PERAN DAN TANGGUNG JAWAB ORANG TUA UNTUK MASA DEPAN ANAK

PERAN DAN TANGGUNG JAWAB ORANG TUA UNTUK MASA DEPAN ANAK

PERAN DAN TANGGUNG JAWAB ORANG TUA UNTUK MASA DEPAN ANAK. Berbicara menjadi seorang ibu yang baik itu bukan sekedar soal lairan normal atau SC, ngasih ASI atau campur sufor, bekerja atau tidak bekerja sampai makein diapers atau tidak. NO! Di balik semua itu, ada tanggung jawab besar yang menanti. Yaitu mulai dari pendidikan dan moral anak. Dan itu semua enggak gampang.

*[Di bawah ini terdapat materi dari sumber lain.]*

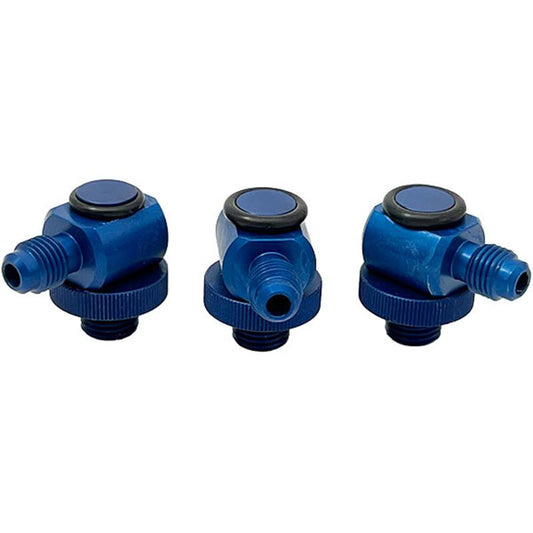 Quick Connect Alum 1/4" Swivel (3)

Saya yakin, setiap orang tua apalagi seorang ibu pasti menginginkan anaknya menjadi anak yang baik dan berprestasi. Etapi, untuk mewujudkan semua itu enggak segampang membalikkan telapak tangan. Dan yang perlu kita sadari, #bedaanakbedapintar. Kita enggak bisa juga loh meniru pola asuh orang lain. Selain #bedaanakbedapintar, keadaan seorang satu dengan seorang yang lain itu berbeda.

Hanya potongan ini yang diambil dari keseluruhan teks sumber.